Jatsko wrote: ↑06 Jan 2022 15:31
That raises a question: since I don't know anything about how running a server like this works - when you say "you have to keep the browser window open", does that mean there's a browser window open on a constantly running computer somewhere all the time to keep the forum running, or is that just for adding results to the search index?
The way interactions on the web work, generally speaking, is that
- The client request a page from the server,
- The server runs code to produce the page,
- The server sends the page to the client.
Since the forum is ran entirely as a web server, everything the forum does has to be contained within that basic framework. It's simple enough in the case of, say, displaying the front page of the forum. The client requests [
www.pastelland.net/forum] from the server, the server runs code (which in this case involves querying the database, which is a somewhat separate entity, for a list of forums, their number of posts, and so forth) to put together how the front page should look, and sends it back to the client.
For posting to the forums the logic is similar. When the user presses "submit", what actually (roughly) happens is the user requests a page containing their post, with the text of the post submitted as part of the request. The server then, in order to serve that page, adds the post to the database, then serves the last page of the thread the post is in. However, this is already a bit of a hack, because other things need to happen when a post is submitted, including adding it to the search index and sending out email notifications, neither of which have anything to do with displaying the submitted post to the poster.

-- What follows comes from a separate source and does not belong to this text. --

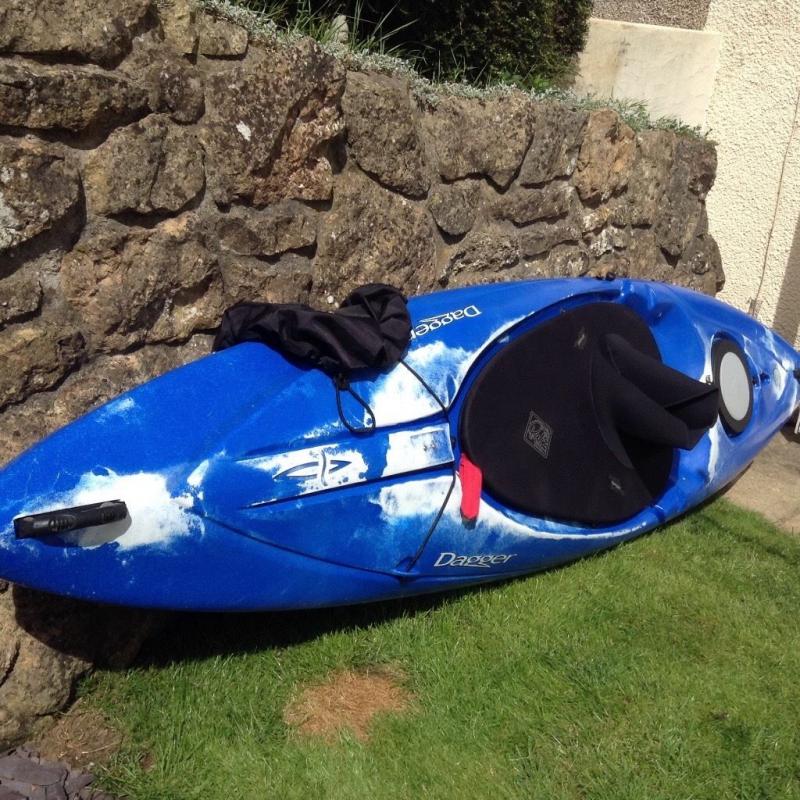 10ft dagger approach kayak with full brand new kit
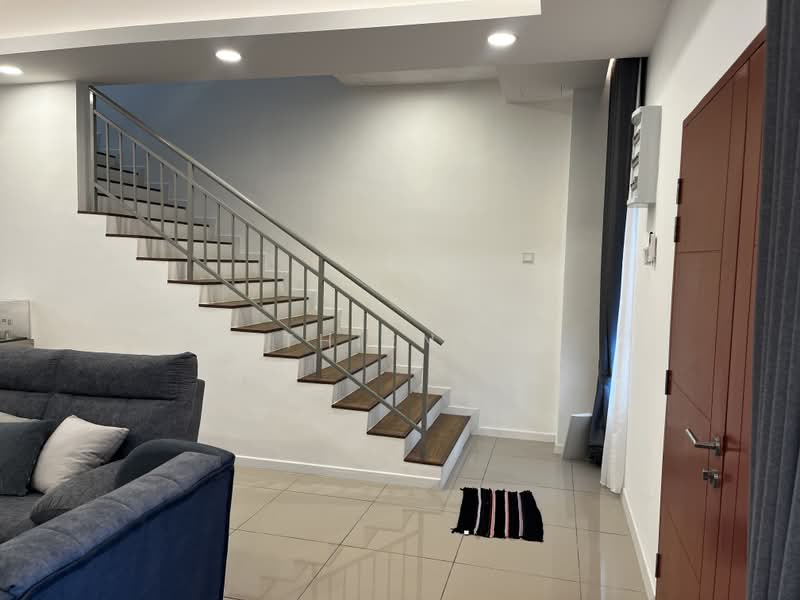 2-storey Terraced House for Sale in Kota Kemuning (Shah Alam) - Thien . - Living Room - PropertyGuru.com.my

Nevertheless, those things are all done as part of the process to display the submitted post for the first time, because it's a webserver and it can only ever do things when responding to a browser requesting a page.
This reaches an extreme when it comes to rebuilding the search index, which is a long and time-consuming bulk operation. Ideally you would just press a button and it would keep running, but it can only do things as part of responding to requests for webpages, and if the client has to wait too long for a page the request will simply time out. The solution, therefore, is to have a page that, each time it's requested, the server rebuilds a tony bit of the search index as part of "putting together" the page. The page then contains a bit of code telling the browser to request the page again, causing the server to index some posts, and so forth repeatedly. Close the browser and there's no longer anything to keep requesting the page, meaning the indexing process stops.
This is obviously a total hack, but
as I understand it at the moment it's the sort of thing webservers need to to get around their limitations. Since I have full control of the server the forum runs on, I could install something which runs code outside of the "page request"->"page preparation"->"response" loop, but most forum admins don't have that sort of control - Mateusz probably did not, AK most certainly did not - meaning nothing in phpBB can be built expecting that to be available.
Meet the new boss, same as the old boss, if the old boss had been an octahedron, which they weren't.